Listening, and Not Listening, to New Music
The following was in response to an article that ran in The Onion on April 30, 2015:
I think it's a bit younger than 33 that people stop listening to new music. Most people's musical tastes and interests are pretty much set by the college years or maybe mid-20s, and even if they do seek "new" music, it's usually simply unfamiliar music pretty similar to what they've already listened to. The range of most tastes stretch from A to B. When most people I've known say, "I like all kinds of music," that usually means all kinds of rock/pop/rap. By sales, that accounts for the vast majority of music, but sales reflect popularity, not the diversity of the world's music -- Rock/pop/rap make up a teensy weensy slice of what exists.
Since I'm pontificatin', the post-WW2 affluence and the creation of the "teenager" with their own spending money opened this door. Before that, people grew up listening to the "adult" music in their world, whatever that was. Post war, the record companies quickly realized what a cash cow they had. Now you could extend the simple "kids music" genre up into the teens, with simple stuff made to be heard, bought, heard another 20 times, then discarded (or filed away) and the next one bought -- very different from getting familiar with Beethoven via Toscanini, jazz via Duke Ellington, and other genres with more depth then "Shboom Shboom."

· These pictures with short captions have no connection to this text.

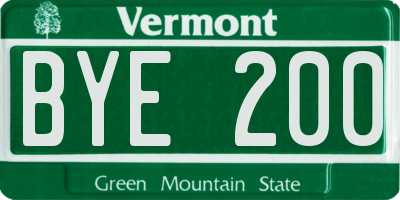VT license plate BYE200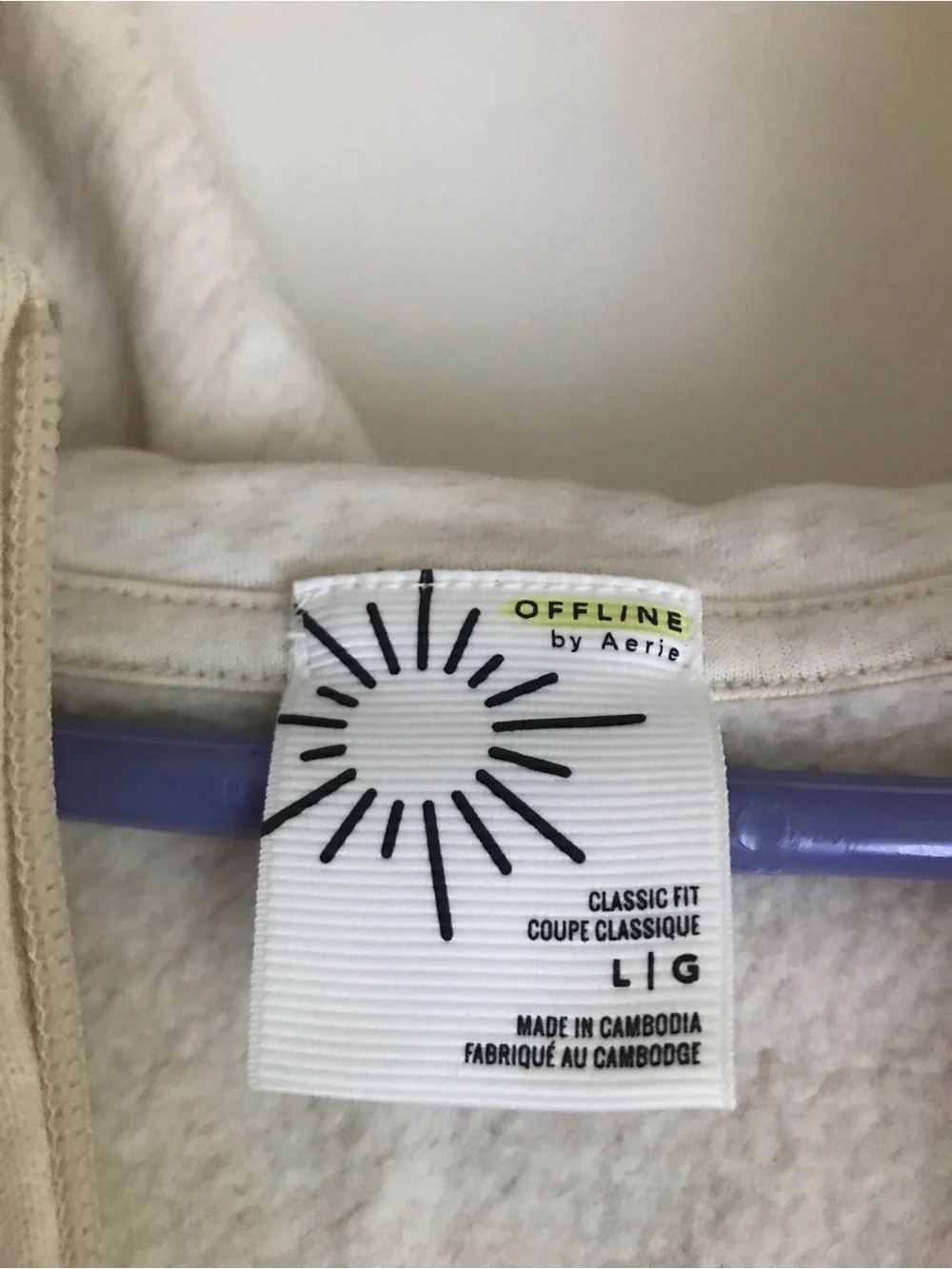 aerie Men's Full-Zip Hooded Sweater in Light Heather Cream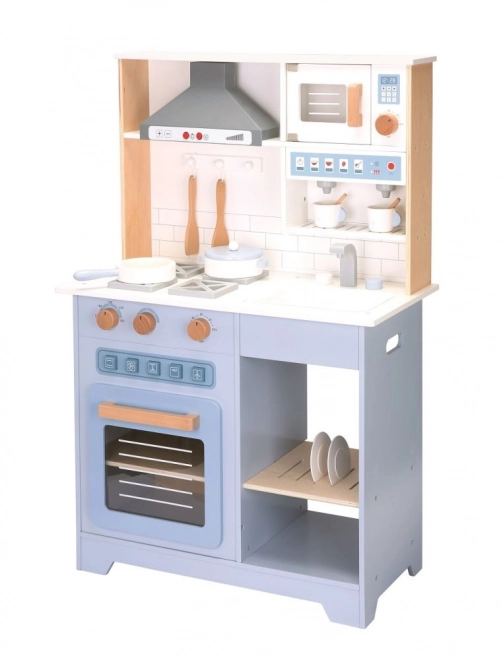 Grote houten interactieve keuken met accessoires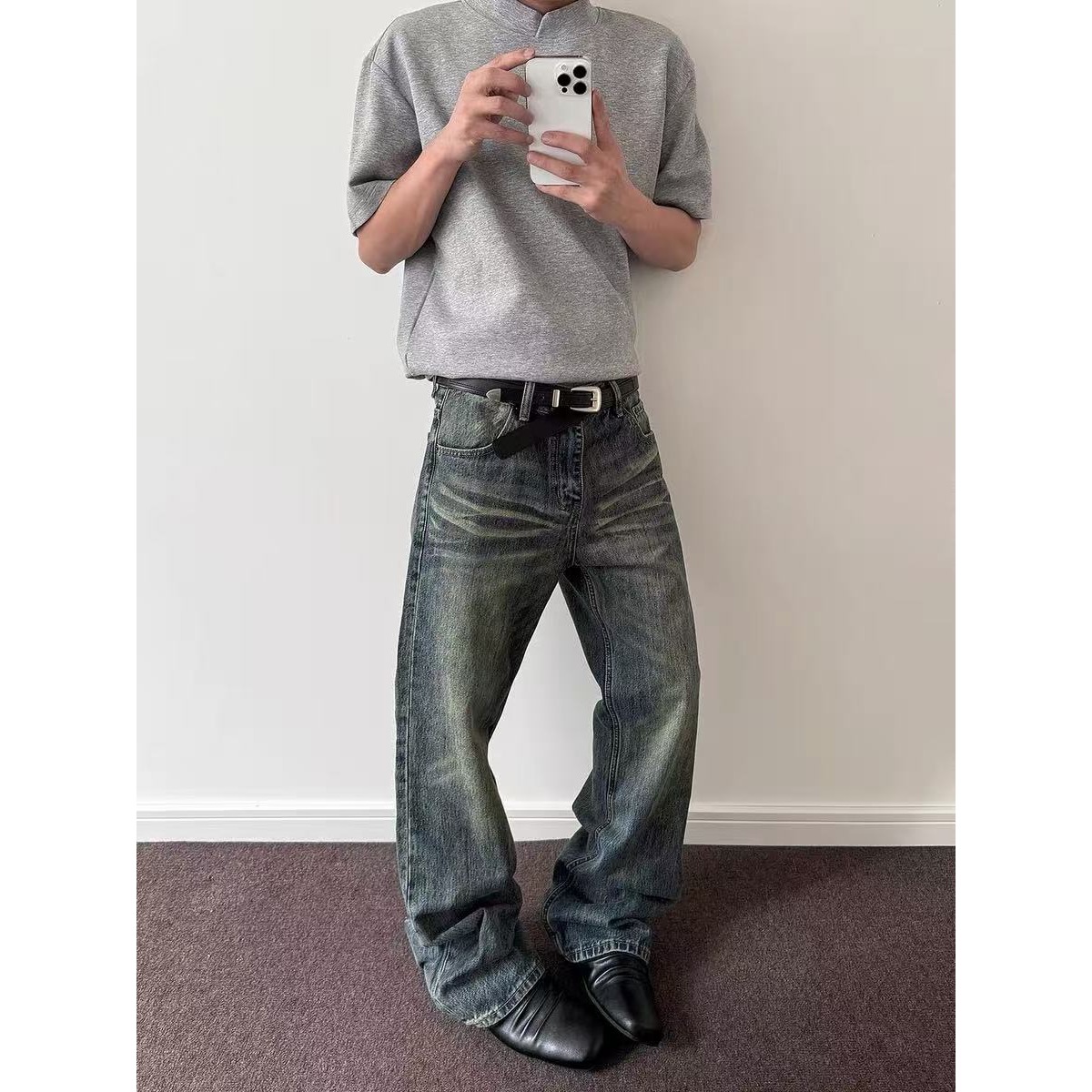 美式水洗做旧Cleanfit牛仔裤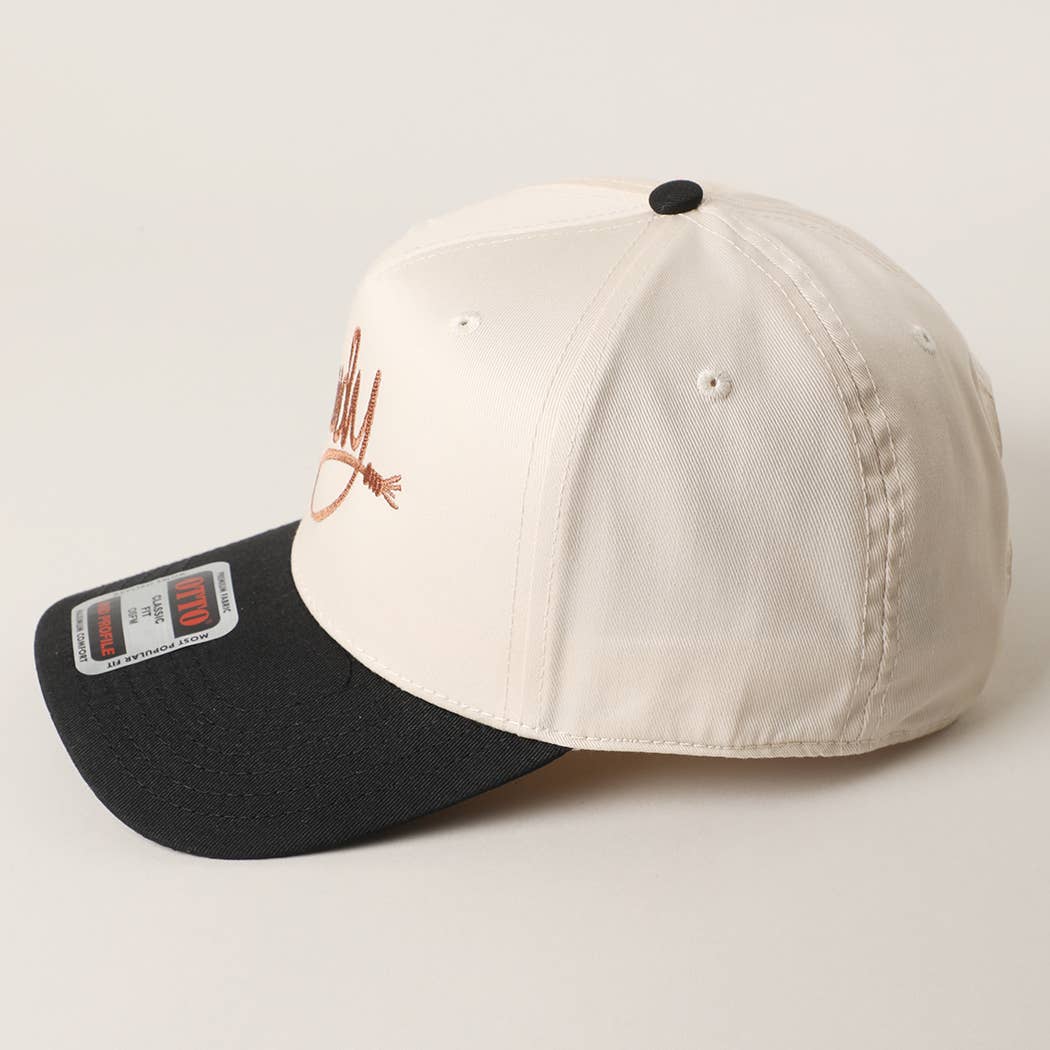 Howdy embroidered classic two-tone trucker hat color option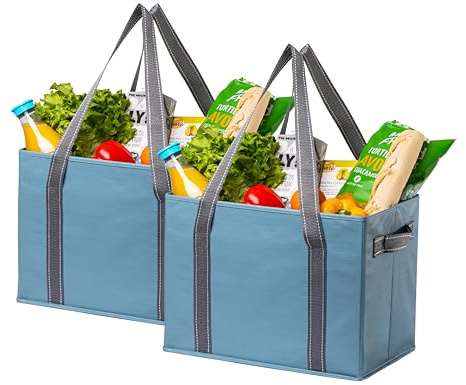 VENO 2 Pack Reusable Grocery Bags, Shopping Bags for groceries, Extra Large Utility Tote with Handles and Hard Bottom, Foldable Cart Organizer, Multi-Purpose, Heavy-Duty (Light Blue, 2 Pack) | Water Resistant, Storage Box w/ Sturdy Side Handles & Hard Bottom, Foldable for Groceries Shopping Cart(Blue, 8 Gallon)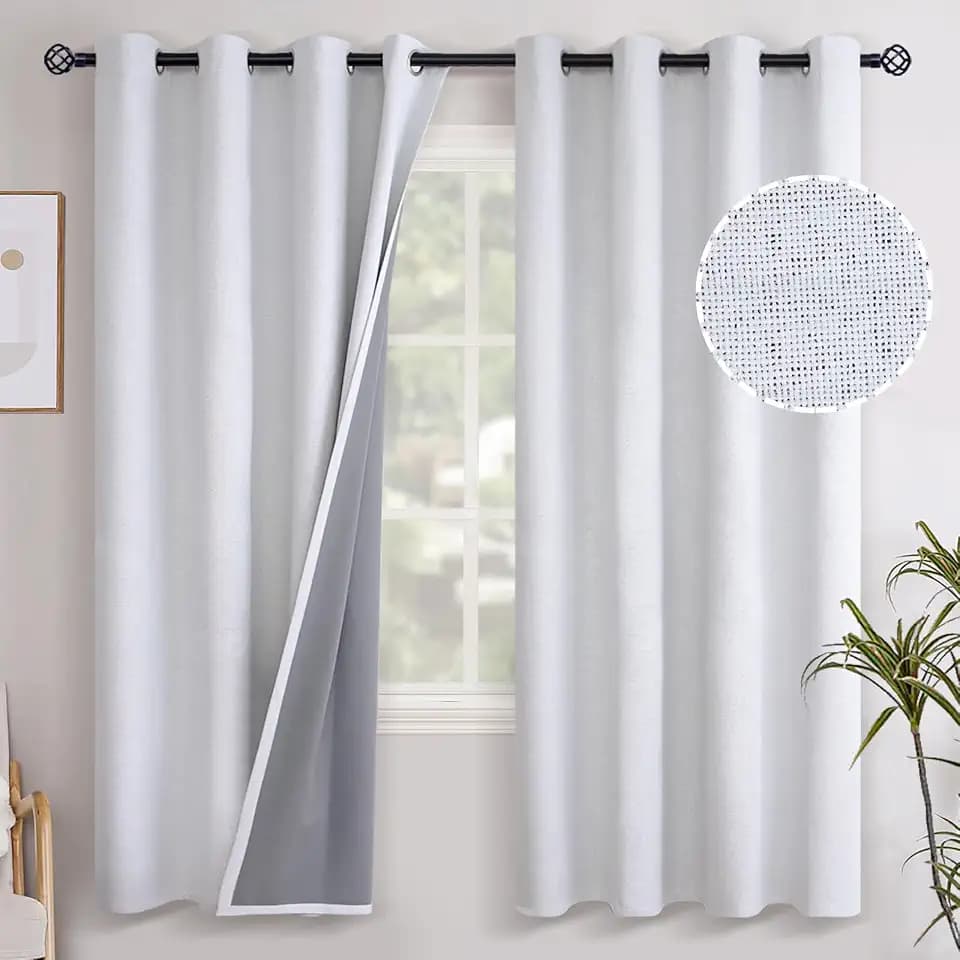 YoungsTex White Linen Blackout Curtains 72 Inches Long for Living Room, Thermal Insulated Winter Drapes with Grommet Energy Saving for Bedroom, 2 Panels, 52 X 72 Inch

This became the music people stay with for life, because it's pretty much all they're exposed to, or by now, all their parents were exposed to. Sure, there's great rock and pop, but the funny thing is, sometimes I hear a current track on WXRT, but I'm not sure when it's from. It could be 25 years old or from this year. So the stagnation of people's musical tastes reflects the stagnation of the entire music business for 2 or 3 generations by now. They go hand in hand.
Ironically, there's never been a time like today with such a range of music available, much for free (YouTube?). But availability alone doesn't motivate most of us. Exposure with a bit of focused concentration go a long way to opening up our ears. And I thought I'd just type a line or two about "sharing" this article...
Think of the changes in the music world(s) from the turn of the 19th/20th century until 1950. 50 years. Jazz didn't even exist in 1900. Or bluegrass, and classical was pre-Stravinsky and the most dissonance came from Mahler. Now compare 1965 to 2015. 50 years. Rock, for one example, dominated then, and it dominates now.